Entries provided:
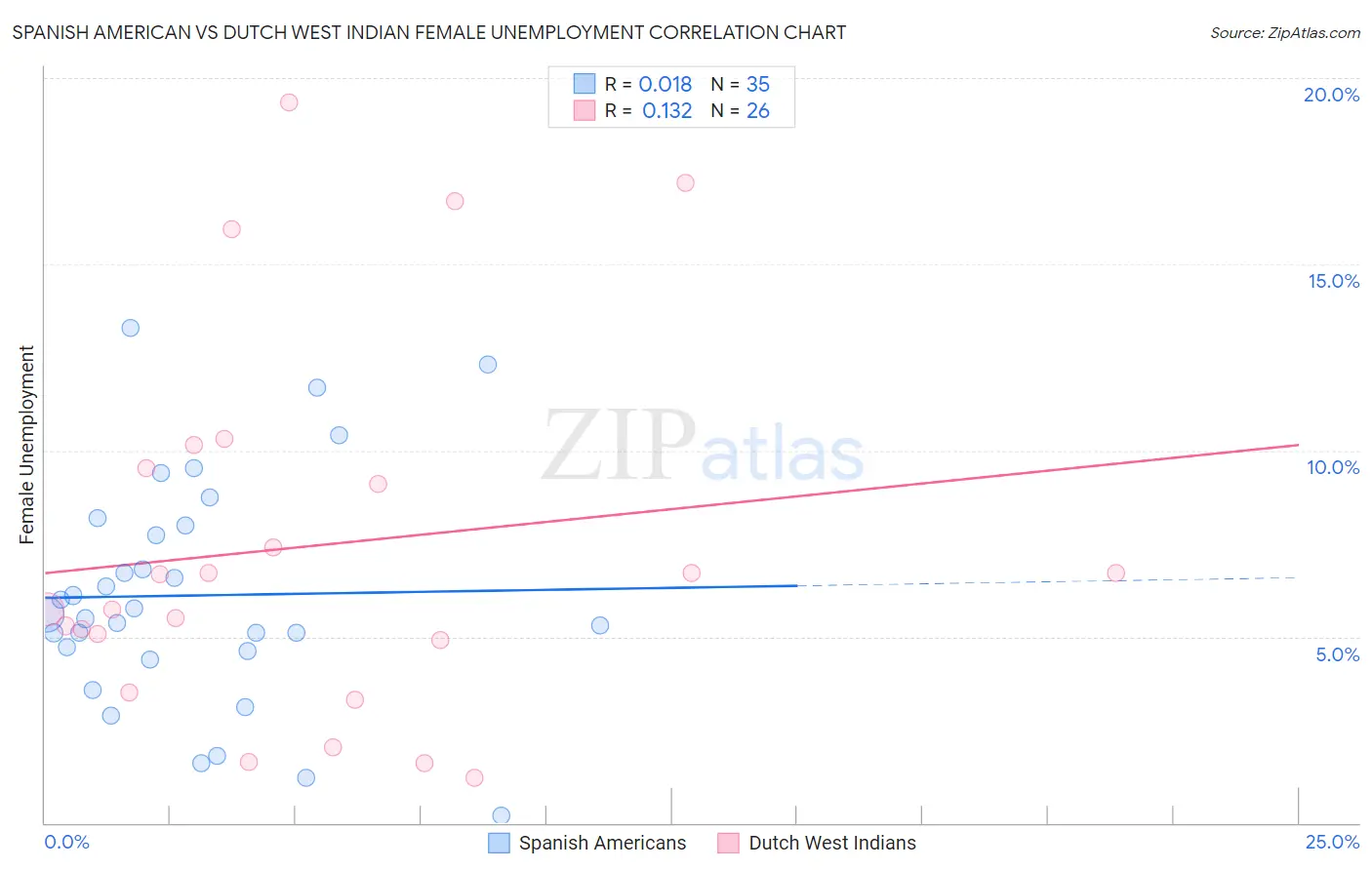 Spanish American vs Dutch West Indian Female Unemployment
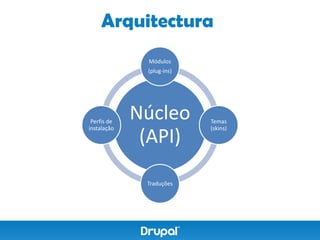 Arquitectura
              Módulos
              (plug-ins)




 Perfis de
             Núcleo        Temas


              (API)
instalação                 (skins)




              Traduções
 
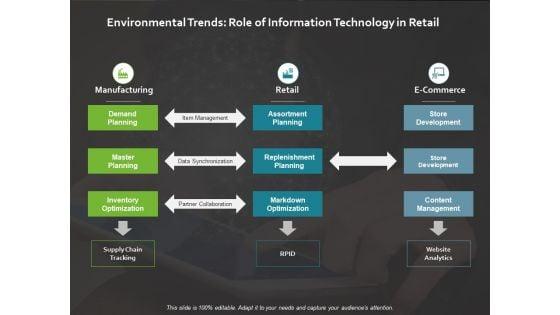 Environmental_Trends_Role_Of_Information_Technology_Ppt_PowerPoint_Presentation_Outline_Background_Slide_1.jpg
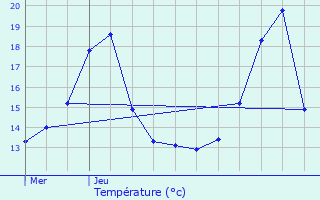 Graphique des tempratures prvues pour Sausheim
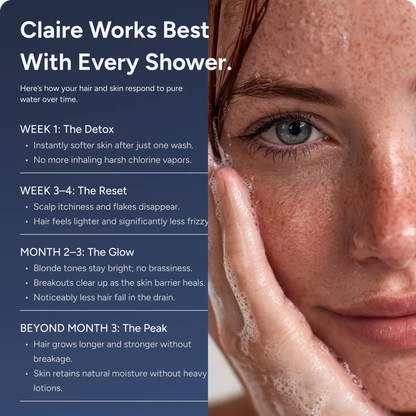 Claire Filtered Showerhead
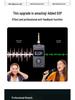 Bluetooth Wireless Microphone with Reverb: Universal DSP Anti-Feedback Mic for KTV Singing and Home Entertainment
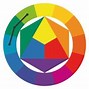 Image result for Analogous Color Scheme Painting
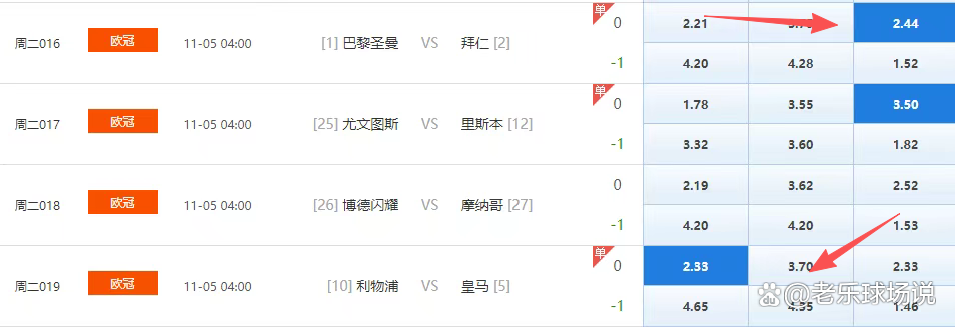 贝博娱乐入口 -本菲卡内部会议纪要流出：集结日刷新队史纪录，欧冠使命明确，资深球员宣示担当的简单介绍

How to complete this task: Omit each picture, then return all of the listing exactly as it stands.

Exercise response:
 Spanish American vs Dutch West Indian Female Unemployment
 Arquitectura
              Módulos
              (plug-ins)




 Perfis de
             Núcleo        Temas


              (API)
instalação                 (skins)




              Traduções
 
 Environmental_Trends_Role_Of_Information_Technology_Ppt_PowerPoint_Presentation_Outline_Background_Slide_1.jpg
 Graphique des tempratures prvues pour Sausheim
 Claire Filtered Showerhead
 Bluetooth Wireless Microphone with Reverb: Universal DSP Anti-Feedback Mic for KTV Singing and Home Entertainment
 Image result for Analogous Color Scheme Painting
 贝博娱乐入口 -本菲卡内部会议纪要流出：集结日刷新队史纪录，欧冠使命明确，资深球员宣示担当的简单介绍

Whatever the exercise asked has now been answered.